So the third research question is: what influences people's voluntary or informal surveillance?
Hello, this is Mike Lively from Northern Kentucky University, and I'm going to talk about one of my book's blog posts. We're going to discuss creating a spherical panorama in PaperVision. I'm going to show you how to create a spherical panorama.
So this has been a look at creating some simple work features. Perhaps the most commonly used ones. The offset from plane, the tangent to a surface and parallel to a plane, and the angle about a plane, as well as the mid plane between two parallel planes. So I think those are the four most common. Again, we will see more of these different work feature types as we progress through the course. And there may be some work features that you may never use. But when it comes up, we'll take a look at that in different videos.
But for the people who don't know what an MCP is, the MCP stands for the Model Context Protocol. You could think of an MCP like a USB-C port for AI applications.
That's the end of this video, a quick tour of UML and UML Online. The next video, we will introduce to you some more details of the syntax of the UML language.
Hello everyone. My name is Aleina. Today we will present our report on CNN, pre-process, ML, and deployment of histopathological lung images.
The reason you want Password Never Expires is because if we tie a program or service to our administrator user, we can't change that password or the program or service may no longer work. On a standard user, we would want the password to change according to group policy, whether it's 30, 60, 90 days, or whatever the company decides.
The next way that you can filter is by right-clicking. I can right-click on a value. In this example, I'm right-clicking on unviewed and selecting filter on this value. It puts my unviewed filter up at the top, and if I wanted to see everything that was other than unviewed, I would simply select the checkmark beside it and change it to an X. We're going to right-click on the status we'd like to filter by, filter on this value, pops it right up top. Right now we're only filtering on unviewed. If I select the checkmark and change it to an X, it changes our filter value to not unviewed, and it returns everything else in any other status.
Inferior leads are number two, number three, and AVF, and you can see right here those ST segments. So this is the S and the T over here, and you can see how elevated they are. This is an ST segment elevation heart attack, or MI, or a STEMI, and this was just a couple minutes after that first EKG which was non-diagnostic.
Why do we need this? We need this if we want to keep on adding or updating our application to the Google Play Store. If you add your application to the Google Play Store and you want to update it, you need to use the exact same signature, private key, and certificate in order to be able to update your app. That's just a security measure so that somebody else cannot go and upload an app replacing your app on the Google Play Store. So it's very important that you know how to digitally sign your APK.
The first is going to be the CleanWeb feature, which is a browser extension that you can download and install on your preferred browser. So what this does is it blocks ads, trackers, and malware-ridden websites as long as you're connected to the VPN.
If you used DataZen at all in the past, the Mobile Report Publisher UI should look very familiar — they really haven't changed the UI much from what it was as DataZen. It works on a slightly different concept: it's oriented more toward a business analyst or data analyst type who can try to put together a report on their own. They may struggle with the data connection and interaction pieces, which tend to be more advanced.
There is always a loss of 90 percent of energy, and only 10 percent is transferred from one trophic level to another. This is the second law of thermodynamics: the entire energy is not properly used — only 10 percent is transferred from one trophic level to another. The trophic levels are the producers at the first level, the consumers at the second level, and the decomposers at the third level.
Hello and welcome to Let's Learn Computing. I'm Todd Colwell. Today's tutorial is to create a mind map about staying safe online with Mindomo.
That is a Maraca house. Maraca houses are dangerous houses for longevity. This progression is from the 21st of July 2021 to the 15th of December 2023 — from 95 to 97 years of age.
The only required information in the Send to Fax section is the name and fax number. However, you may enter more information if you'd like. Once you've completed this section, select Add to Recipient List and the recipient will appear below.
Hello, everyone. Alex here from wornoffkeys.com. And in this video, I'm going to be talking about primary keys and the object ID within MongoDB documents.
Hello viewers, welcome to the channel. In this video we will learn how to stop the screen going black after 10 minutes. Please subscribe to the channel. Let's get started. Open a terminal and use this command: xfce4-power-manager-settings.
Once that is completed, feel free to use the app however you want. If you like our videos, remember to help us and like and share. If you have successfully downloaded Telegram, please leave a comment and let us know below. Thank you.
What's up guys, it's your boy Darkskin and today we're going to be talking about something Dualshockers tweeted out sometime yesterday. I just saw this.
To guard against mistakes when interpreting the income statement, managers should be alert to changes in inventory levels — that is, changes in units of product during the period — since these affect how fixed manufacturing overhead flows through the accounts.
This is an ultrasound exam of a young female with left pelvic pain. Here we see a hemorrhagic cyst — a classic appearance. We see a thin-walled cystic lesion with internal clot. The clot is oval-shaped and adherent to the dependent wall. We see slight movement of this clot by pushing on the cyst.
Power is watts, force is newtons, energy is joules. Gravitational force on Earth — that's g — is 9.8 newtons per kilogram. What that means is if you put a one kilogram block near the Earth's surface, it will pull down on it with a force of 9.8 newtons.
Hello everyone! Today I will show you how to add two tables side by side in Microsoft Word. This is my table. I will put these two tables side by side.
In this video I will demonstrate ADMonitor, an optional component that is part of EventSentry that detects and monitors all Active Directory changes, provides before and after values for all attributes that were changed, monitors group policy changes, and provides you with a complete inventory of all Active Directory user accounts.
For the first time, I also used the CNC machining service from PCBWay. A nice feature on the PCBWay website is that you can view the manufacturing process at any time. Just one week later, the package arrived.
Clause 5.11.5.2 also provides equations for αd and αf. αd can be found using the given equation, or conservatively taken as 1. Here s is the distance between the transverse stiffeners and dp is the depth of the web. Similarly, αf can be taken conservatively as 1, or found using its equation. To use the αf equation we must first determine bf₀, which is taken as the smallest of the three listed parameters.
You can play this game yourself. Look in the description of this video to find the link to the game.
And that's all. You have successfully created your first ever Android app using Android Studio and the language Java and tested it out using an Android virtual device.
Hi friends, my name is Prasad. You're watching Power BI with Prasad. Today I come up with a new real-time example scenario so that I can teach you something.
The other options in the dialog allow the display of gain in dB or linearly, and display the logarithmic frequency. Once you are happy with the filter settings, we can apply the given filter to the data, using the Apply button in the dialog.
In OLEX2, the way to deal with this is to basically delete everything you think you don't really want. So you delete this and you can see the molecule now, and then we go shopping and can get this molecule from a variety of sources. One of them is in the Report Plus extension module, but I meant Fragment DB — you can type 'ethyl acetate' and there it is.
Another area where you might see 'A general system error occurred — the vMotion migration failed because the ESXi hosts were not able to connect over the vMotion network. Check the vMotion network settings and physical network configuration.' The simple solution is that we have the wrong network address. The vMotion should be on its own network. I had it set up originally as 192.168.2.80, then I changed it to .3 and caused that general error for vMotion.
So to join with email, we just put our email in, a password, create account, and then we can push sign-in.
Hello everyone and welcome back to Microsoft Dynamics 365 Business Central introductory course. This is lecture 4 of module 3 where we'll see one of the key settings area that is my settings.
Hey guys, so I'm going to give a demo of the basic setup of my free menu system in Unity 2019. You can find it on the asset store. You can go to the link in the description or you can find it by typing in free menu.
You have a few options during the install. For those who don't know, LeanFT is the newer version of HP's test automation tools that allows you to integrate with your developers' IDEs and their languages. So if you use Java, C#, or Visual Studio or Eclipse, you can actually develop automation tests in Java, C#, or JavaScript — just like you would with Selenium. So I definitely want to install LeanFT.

******

▸ Task goal
Retype all of the material exactly as it stands above.

▸ Solution to this problem
So the third research question is: what influences people's voluntary or informal surveillance?
Hello, this is Mike Lively from Northern Kentucky University, and I'm going to talk about one of my book's blog posts. We're going to discuss creating a spherical panorama in PaperVision. I'm going to show you how to create a spherical panorama.
So this has been a look at creating some simple work features. Perhaps the most commonly used ones. The offset from plane, the tangent to a surface and parallel to a plane, and the angle about a plane, as well as the mid plane between two parallel planes. So I think those are the four most common. Again, we will see more of these different work feature types as we progress through the course. And there may be some work features that you may never use. But when it comes up, we'll take a look at that in different videos.
But for the people who don't know what an MCP is, the MCP stands for the Model Context Protocol. You could think of an MCP like a USB-C port for AI applications.
That's the end of this video, a quick tour of UML and UML Online. The next video, we will introduce to you some more details of the syntax of the UML language.
Hello everyone. My name is Aleina. Today we will present our report on CNN, pre-process, ML, and deployment of histopathological lung images.
The reason you want Password Never Expires is because if we tie a program or service to our administrator user, we can't change that password or the program or service may no longer work. On a standard user, we would want the password to change according to group policy, whether it's 30, 60, 90 days, or whatever the company decides.
The next way that you can filter is by right-clicking. I can right-click on a value. In this example, I'm right-clicking on unviewed and selecting filter on this value. It puts my unviewed filter up at the top, and if I wanted to see everything that was other than unviewed, I would simply select the checkmark beside it and change it to an X. We're going to right-click on the status we'd like to filter by, filter on this value, pops it right up top. Right now we're only filtering on unviewed. If I select the checkmark and change it to an X, it changes our filter value to not unviewed, and it returns everything else in any other status.
Inferior leads are number two, number three, and AVF, and you can see right here those ST segments. So this is the S and the T over here, and you can see how elevated they are. This is an ST segment elevation heart attack, or MI, or a STEMI, and this was just a couple minutes after that first EKG which was non-diagnostic.
Why do we need this? We need this if we want to keep on adding or updating our application to the Google Play Store. If you add your application to the Google Play Store and you want to update it, you need to use the exact same signature, private key, and certificate in order to be able to update your app. That's just a security measure so that somebody else cannot go and upload an app replacing your app on the Google Play Store. So it's very important that you know how to digitally sign your APK.
The first is going to be the CleanWeb feature, which is a browser extension that you can download and install on your preferred browser. So what this does is it blocks ads, trackers, and malware-ridden websites as long as you're connected to the VPN.
If you used DataZen at all in the past, the Mobile Report Publisher UI should look very familiar — they really haven't changed the UI much from what it was as DataZen. It works on a slightly different concept: it's oriented more toward a business analyst or data analyst type who can try to put together a report on their own. They may struggle with the data connection and interaction pieces, which tend to be more advanced.
There is always a loss of 90 percent of energy, and only 10 percent is transferred from one trophic level to another. This is the second law of thermodynamics: the entire energy is not properly used — only 10 percent is transferred from one trophic level to another. The trophic levels are the producers at the first level, the consumers at the second level, and the decomposers at the third level.
Hello and welcome to Let's Learn Computing. I'm Todd Colwell. Today's tutorial is to create a mind map about staying safe online with Mindomo.
That is a Maraca house. Maraca houses are dangerous houses for longevity. This progression is from the 21st of July 2021 to the 15th of December 2023 — from 95 to 97 years of age.
The only required information in the Send to Fax section is the name and fax number. However, you may enter more information if you'd like. Once you've completed this section, select Add to Recipient List and the recipient will appear below.
Hello, everyone. Alex here from wornoffkeys.com. And in this video, I'm going to be talking about primary keys and the object ID within MongoDB documents.
Hello viewers, welcome to the channel. In this video we will learn how to stop the screen going black after 10 minutes. Please subscribe to the channel. Let's get started. Open a terminal and use this command: xfce4-power-manager-settings.
Once that is completed, feel free to use the app however you want. If you like our videos, remember to help us and like and share. If you have successfully downloaded Telegram, please leave a comment and let us know below. Thank you.
What's up guys, it's your boy Darkskin and today we're going to be talking about something Dualshockers tweeted out sometime yesterday. I just saw this.
To guard against mistakes when interpreting the income statement, managers should be alert to changes in inventory levels — that is, changes in units of product during the period — since these affect how fixed manufacturing overhead flows through the accounts.
This is an ultrasound exam of a young female with left pelvic pain. Here we see a hemorrhagic cyst — a classic appearance. We see a thin-walled cystic lesion with internal clot. The clot is oval-shaped and adherent to the dependent wall. We see slight movement of this clot by pushing on the cyst.
Power is watts, force is newtons, energy is joules. Gravitational force on Earth — that's g — is 9.8 newtons per kilogram. What that means is if you put a one kilogram block near the Earth's surface, it will pull down on it with a force of 9.8 newtons.
Hello everyone! Today I will show you how to add two tables side by side in Microsoft Word. This is my table. I will put these two tables side by side.
In this video I will demonstrate ADMonitor, an optional component that is part of EventSentry that detects and monitors all Active Directory changes, provides before and after values for all attributes that were changed, monitors group policy changes, and provides you with a complete inventory of all Active Directory user accounts.
For the first time, I also used the CNC machining service from PCBWay. A nice feature on the PCBWay website is that you can view the manufacturing process at any time. Just one week later, the package arrived.
Clause 5.11.5.2 also provides equations for αd and αf. αd can be found using the given equation, or conservatively taken as 1. Here s is the distance between the transverse stiffeners and dp is the depth of the web. Similarly, αf can be taken conservatively as 1, or found using its equation. To use the αf equation we must first determine bf₀, which is taken as the smallest of the three listed parameters.
You can play this game yourself. Look in the description of this video to find the link to the game.
And that's all. You have successfully created your first ever Android app using Android Studio and the language Java and tested it out using an Android virtual device.
Hi friends, my name is Prasad. You're watching Power BI with Prasad. Today I come up with a new real-time example scenario so that I can teach you something.
The other options in the dialog allow the display of gain in dB or linearly, and display the logarithmic frequency. Once you are happy with the filter settings, we can apply the given filter to the data, using the Apply button in the dialog.
In OLEX2, the way to deal with this is to basically delete everything you think you don't really want. So you delete this and you can see the molecule now, and then we go shopping and can get this molecule from a variety of sources. One of them is in the Report Plus extension module, but I meant Fragment DB — you can type 'ethyl acetate' and there it is.
Another area where you might see 'A general system error occurred — the vMotion migration failed because the ESXi hosts were not able to connect over the vMotion network. Check the vMotion network settings and physical network configuration.' The simple solution is that we have the wrong network address. The vMotion should be on its own network. I had it set up originally as 192.168.2.80, then I changed it to .3 and caused that general error for vMotion.
So to join with email, we just put our email in, a password, create account, and then we can push sign-in.
Hello everyone and welcome back to Microsoft Dynamics 365 Business Central introductory course. This is lecture 4 of module 3 where we'll see one of the key settings area that is my settings.
Hey guys, so I'm going to give a demo of the basic setup of my free menu system in Unity 2019. You can find it on the asset store. You can go to the link in the description or you can find it by typing in free menu.
You have a few options during the install. For those who don't know, LeanFT is the newer version of HP's test automation tools that allows you to integrate with your developers' IDEs and their languages. So if you use Java, C#, or Visual Studio or Eclipse, you can actually develop automation tests in Java, C#, or JavaScript — just like you would with Selenium. So I definitely want to install LeanFT.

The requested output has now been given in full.